The handler receives the frame, converts it to grayscale mode and sends it further down the pipeline to the visualizer. One can run as many processors as required, they evenly distribute the incoming load among themselves. Thus, one can scale the pipeline horizontally, and the processing time of each frame is no longer a critical parameter.

import cv2
import zmq
from time import time

context = zmq.Context()
src = context.socket(zmq.PULL)
src.connect("tcp://127.0.0.1:5557")

dst = context.socket(zmq.PUSH)
dst.connect("tcp://127.0.0.1:5558")

count = 0
delay = 0.0

while True:
    msg = src.recv_pyobj()
    ts = msg['ts']
    frame = msg['frame']
    tnow = time()
    count += 1
    delay += tnow - ts

    if count % 150 == 0:
        print(delay/count)
        delay = 0.0
        count = 0

    gray = cv2.cvtColor(frame, cv2.COLOR_BGR2GRAY)
    dst.send_pyobj(gray)

Visualizer

Visualized displays incoming frames in a window.

import cv2
import zmq

context = zmq.Context()
zmq_socket = context.socket(zmq.PULL)
zmq_socket.bind("tcp://127.0.0.1:5558")

while True:
    frame = zmq_socket.recv_pyobj()
    cv2.imshow('frame', frame)
    if cv2.waitKey(1) & 0xFF == ord('q'):
        break

On a laptop with a CPU i5-6440HQ, the introduced delay for decoderhandler step was about 4 ms (640x480 @ 30FPS) on the local loop interface :

0.004144287109375
0.003949470520019531
0.004002218246459961
0.0038284858067830405
0.003976351420084636
0.004110925992329915
0.004024415016174316
0.003885181744893392
0.0037894550959269207
0.003757945696512858

Thus, the whole chain decoderhandlervisualizer introduces a processing delay of about 8-9 ms.

Important Notes

Multi-node design. When implementing a multi-node design, one must use a routable addresses. Note that the bind method is used only in the decoder and visualizer, while the handler uses the connect method, which allows scaling the number of handlers without the need to launch them on known ip-addresses.
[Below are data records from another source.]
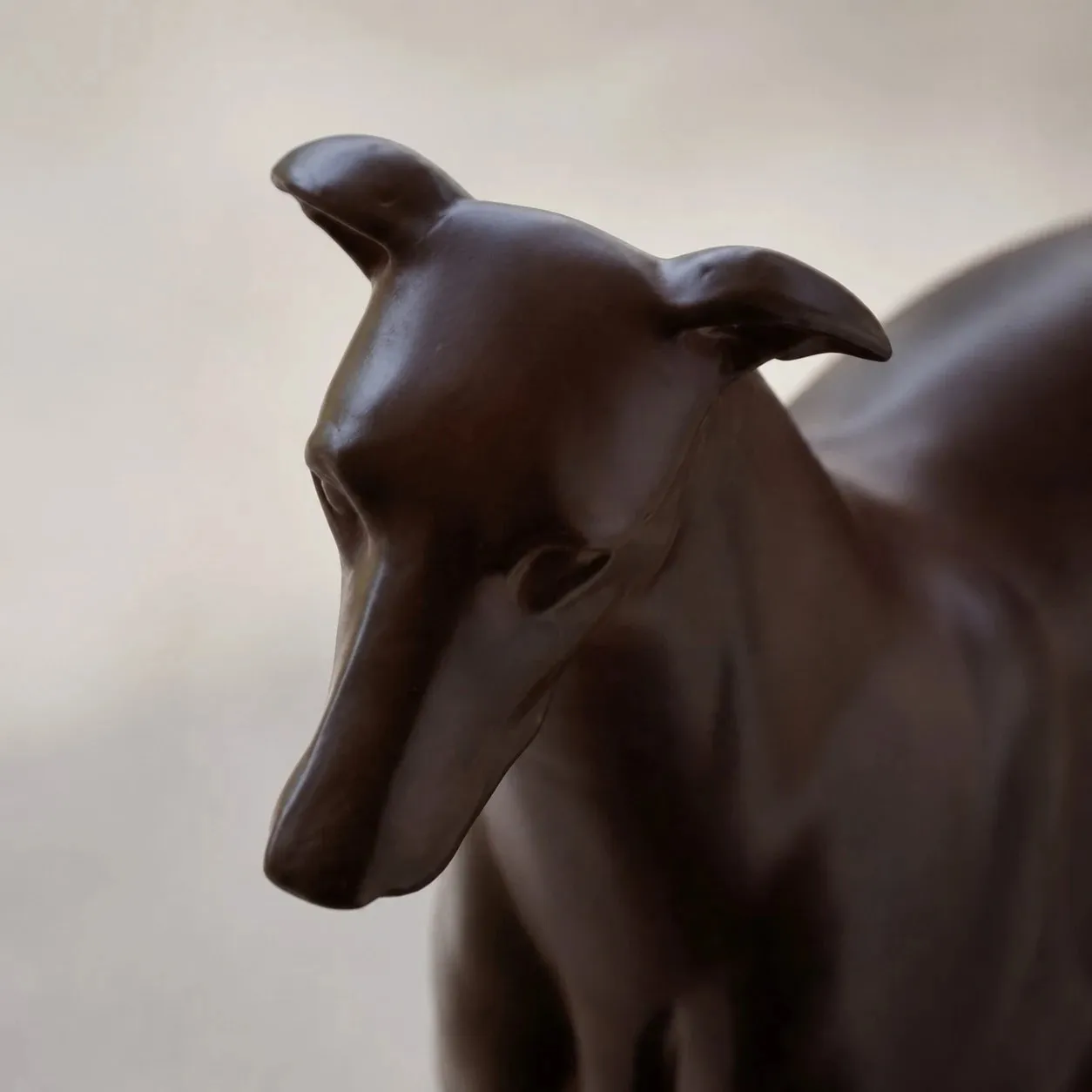 greyhound head detail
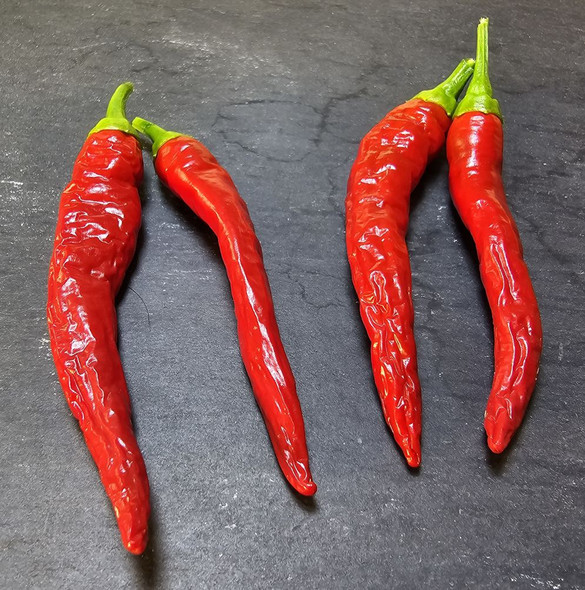 CABAI KERINTING MATURE PODS CABAI KERINTING MATURE PODS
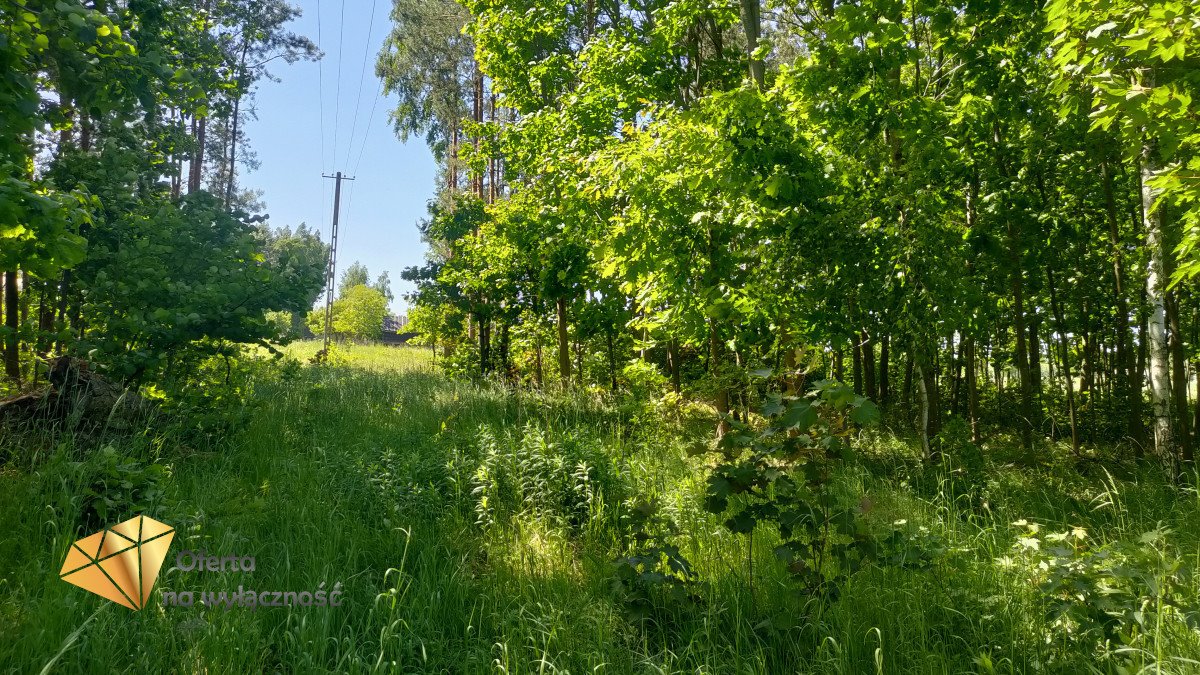 Działka budowlana na sprzedaż Bratnik  8 900m2 Foto 4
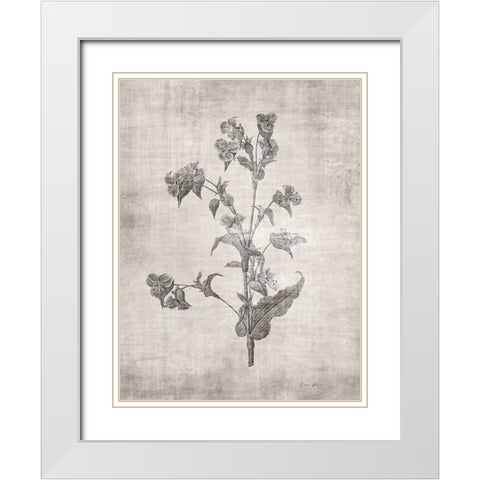 Sepia Botanical 4 White Modern Wood Framed Art Print with Double Matting by Brown, Denise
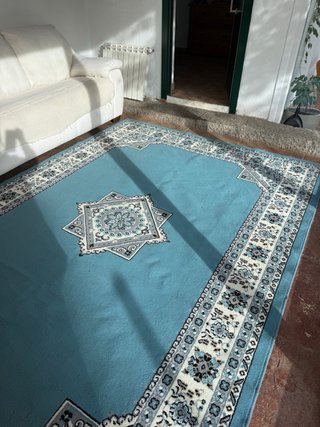 Alfombra turquesa con diseño clásico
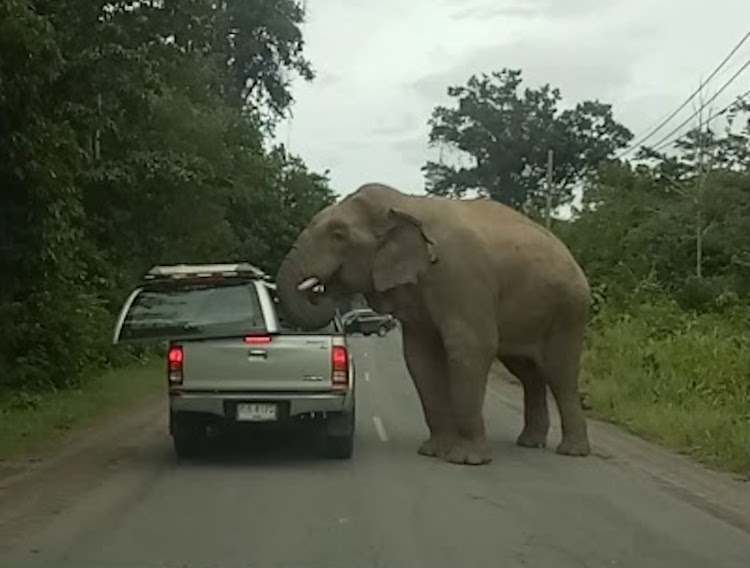 Elephant Eating Out of Truck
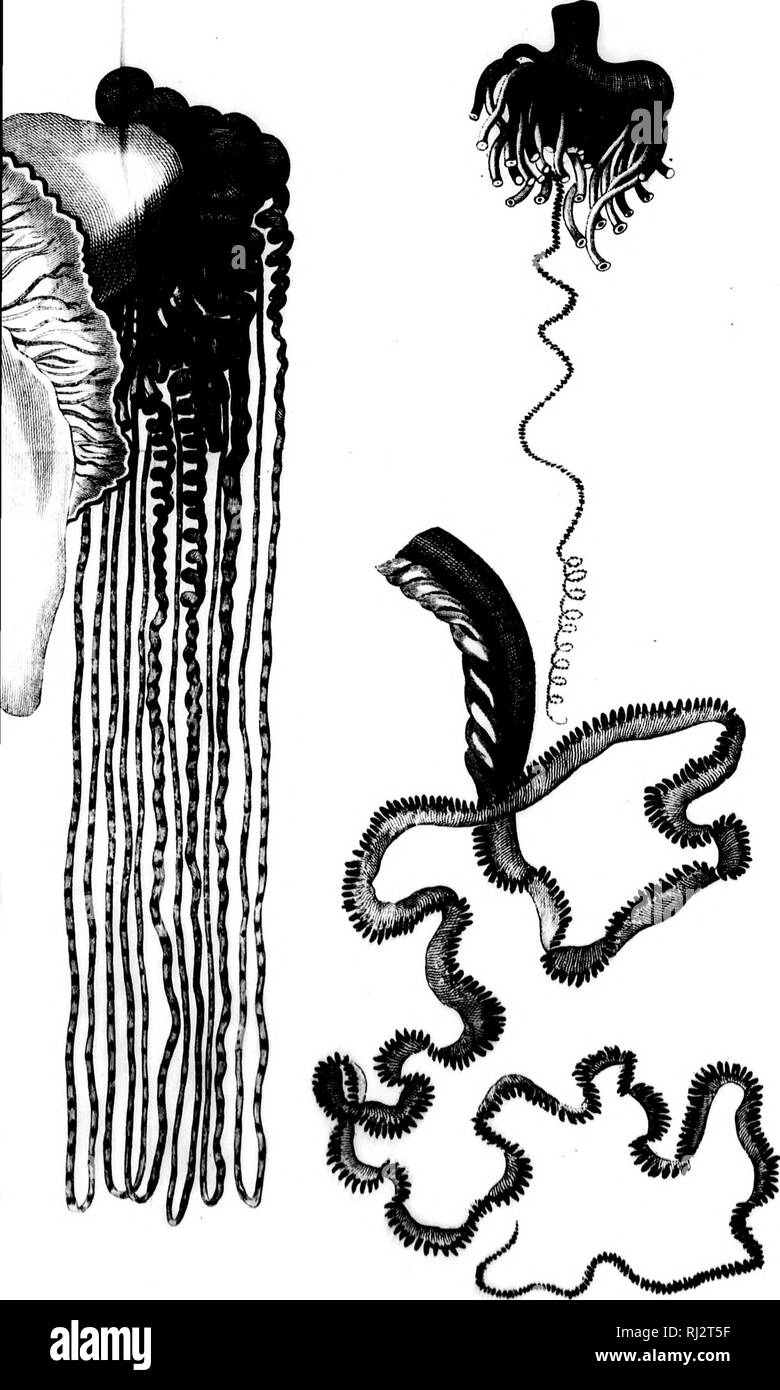 . Reize om de Wereld gedaan in de Jaren 1803, 1804, 1805 en 1806 [microform]: op Kegelrad van Alexander den eersten Keizer van Rusland. Reisen rund um die Welt; Seeleute; Navigation; Naturgeschichte; Voyages Autour du Monde; Marins; Navigation; Baron. / "Wenn/'Y/'&lt; (fzr/IA&lt;/A/Af r^n/(/{ •'." • Vtfi&lt; nt. tr 'j' Attf.. Bitte beachten Sie, dass diese Bilder sind von der gescannten Seite Bilder, die digital für die Lesbarkeit verbessert haben mögen - Färbung und Aussehen dieser Abbildungen können nicht perfekt dem Original ähneln. extrahiert. Kruzenshtern, Ivan Fedorovich, 1770-1846. Stockfoto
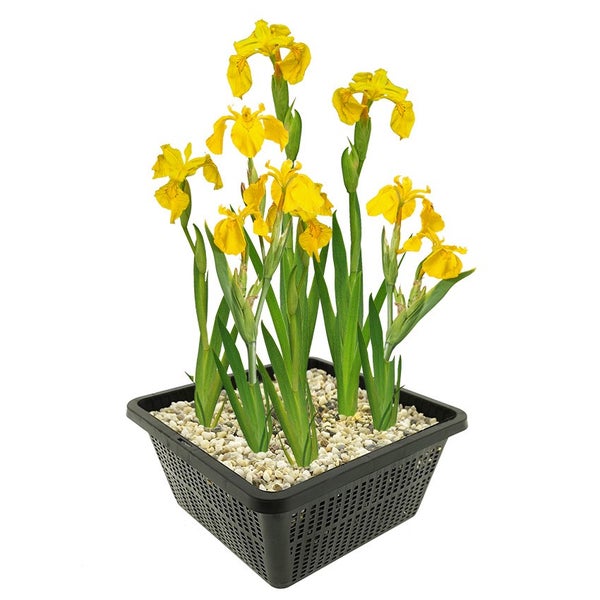 Gelbe Sumpfschwertlilie in schwarzem Pflanzkorb für den Gartenteich, mit Kies bedeckt.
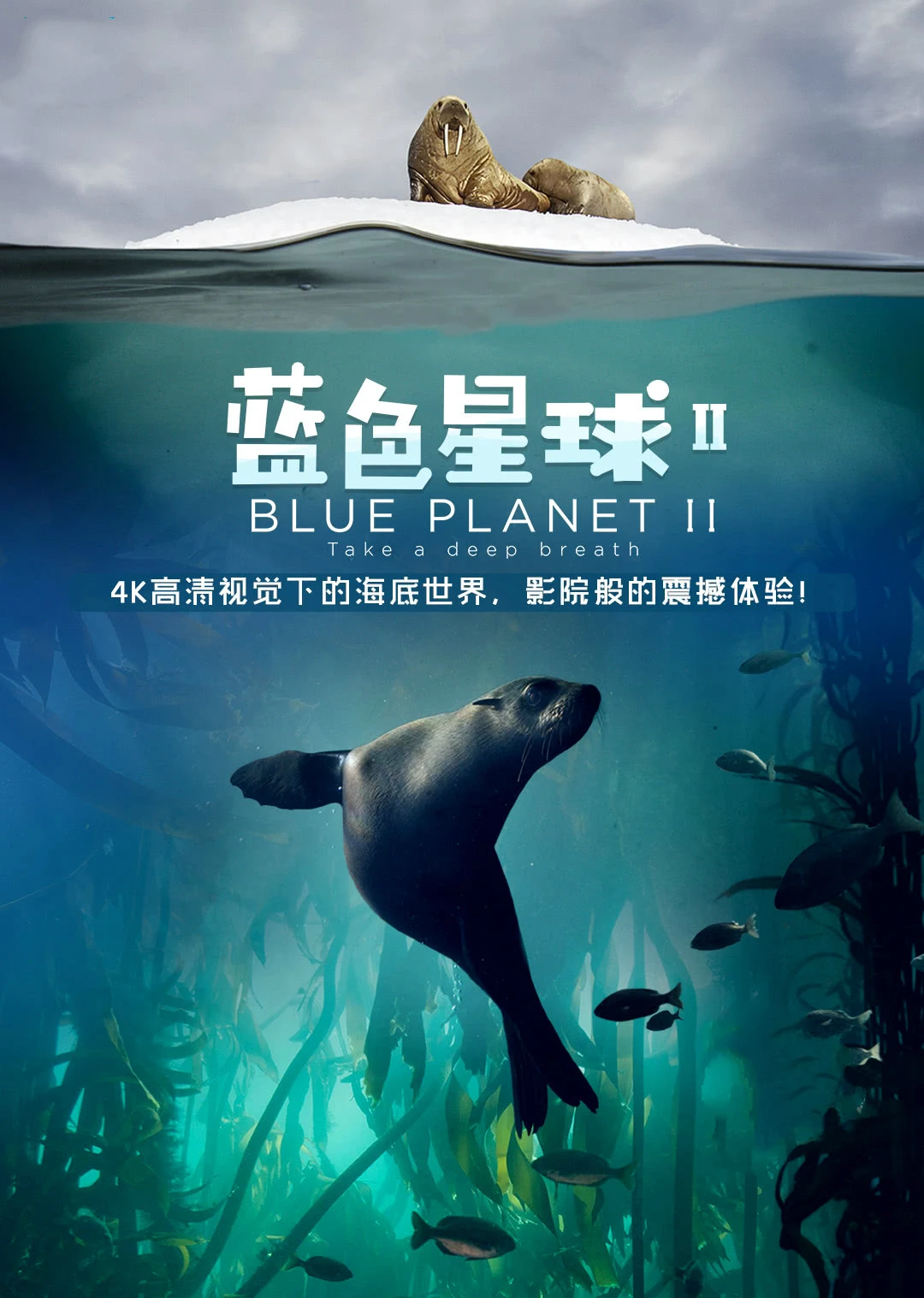蓝色星球第二季英语(2017)海报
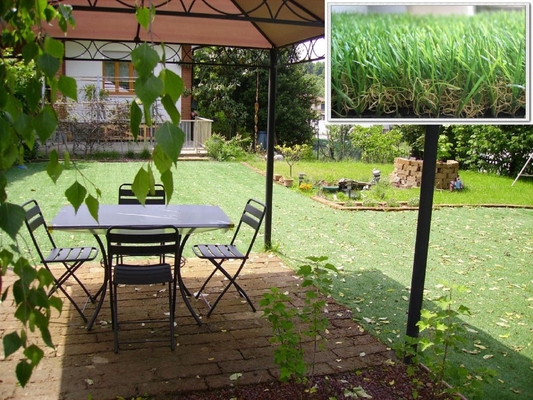 장식적인 양탄자 인공적인 잔디 35mm의 정원 DEQZT3512DF1를 위한 11600Dtex 합성 잔디
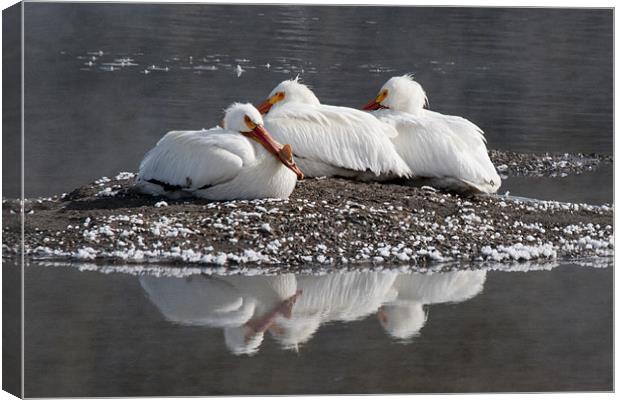Pelicans Canvas Print by Gary Beeler
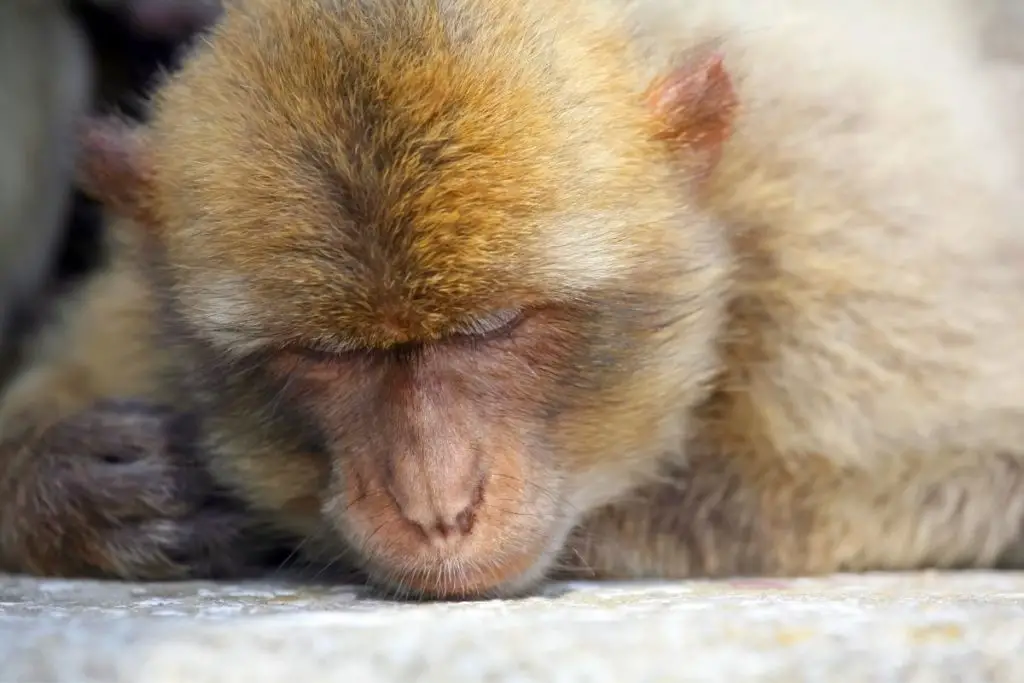 sleeping monkey to answer where does a pet monkey sleep 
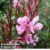 Gaura lindheimeri ‘Passionate Blush’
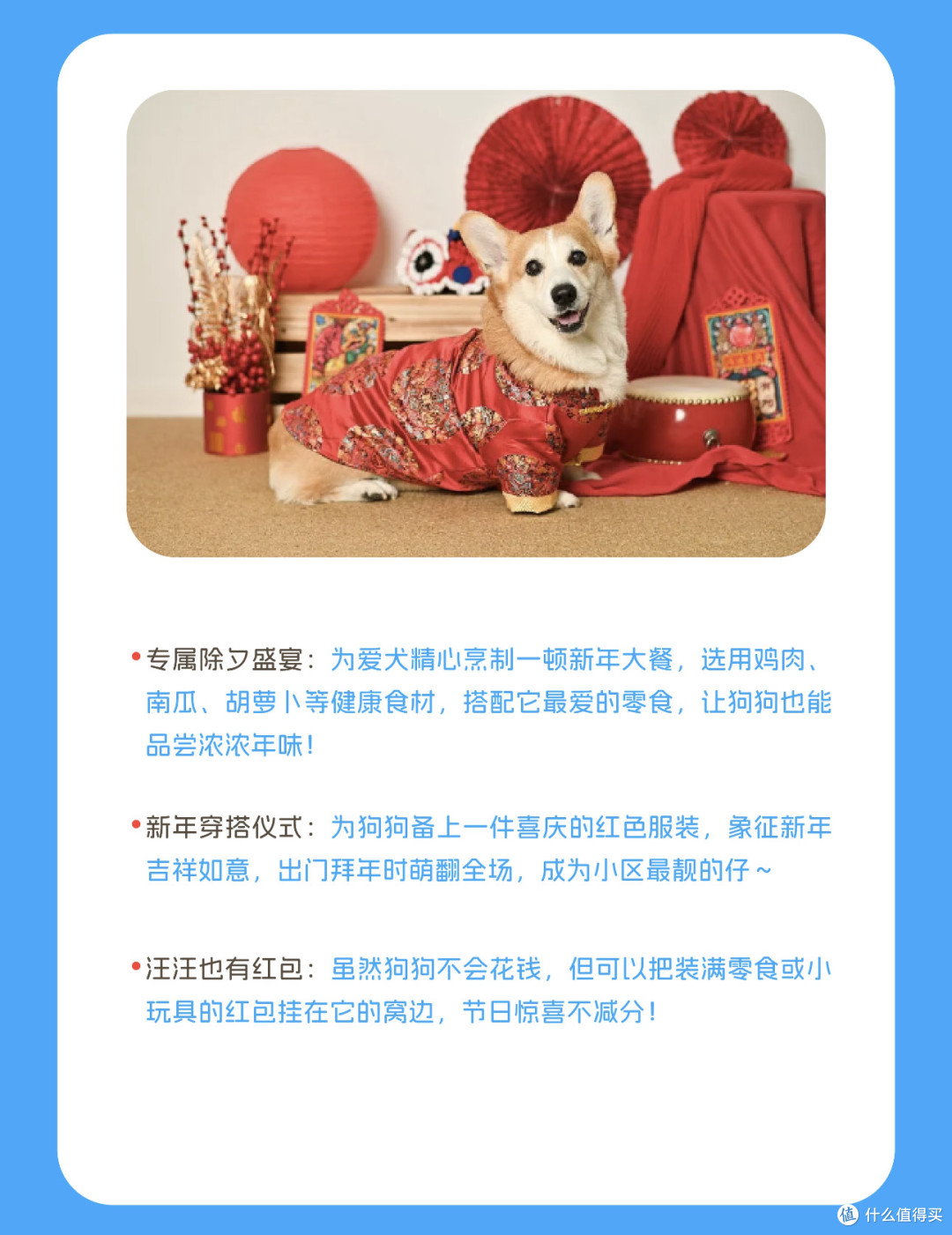 与狗狗一起跨年啦~跨年夜的仪式感
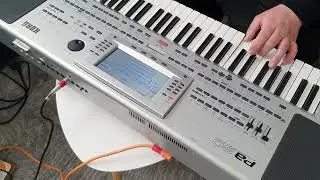 Korg Pa80 Disco Style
Also, when using routed network addresses, the delay may vary from that obtained at the local loop interface, which depends on the settings of the operating system software stack as well as on the network equipment used.

Network bandwidth. As previously demonstrated, transmitting 4K video between the decoder and the processors requires a bandwidth equal to 6 Gbit/s, so 1 Gbit/s link does not fit, one need to use a link of at least 10 Gbit/s. For a real scalable option, it is worth considering 40 Gbit/s and more performant network stacks or reducing the resolution of the video stream before distribution between the handlers. An alternative approach is to compress the transmitted frames with low latency compression algorithms, like LZ4, which reduces channel capacity costs, but may introduce an additional delay.

Encryption costs. If ZeroMQ is used with data encryption, it also adds both delay and CPU load.

Guaranteed processing. ZeroMQ does not contain a dedicated broker that provides the means for reprocessing. If it’s required to guaranteely process all the frames, one should consider an architecture that supports this model, for example, use the RabbitMQ or Apache Kafka message broker.

Launch without a visualizer stage. If it is not required to combine the processing results into a single sequence, then the chain can be reduced to two steps: decoderhandler.

Processing with dependencies. The presented parallelization model assumes that frames are processed independently, if the processing logic of next frames depends on the processing of previous frames, other acceleration mechanisms must be used.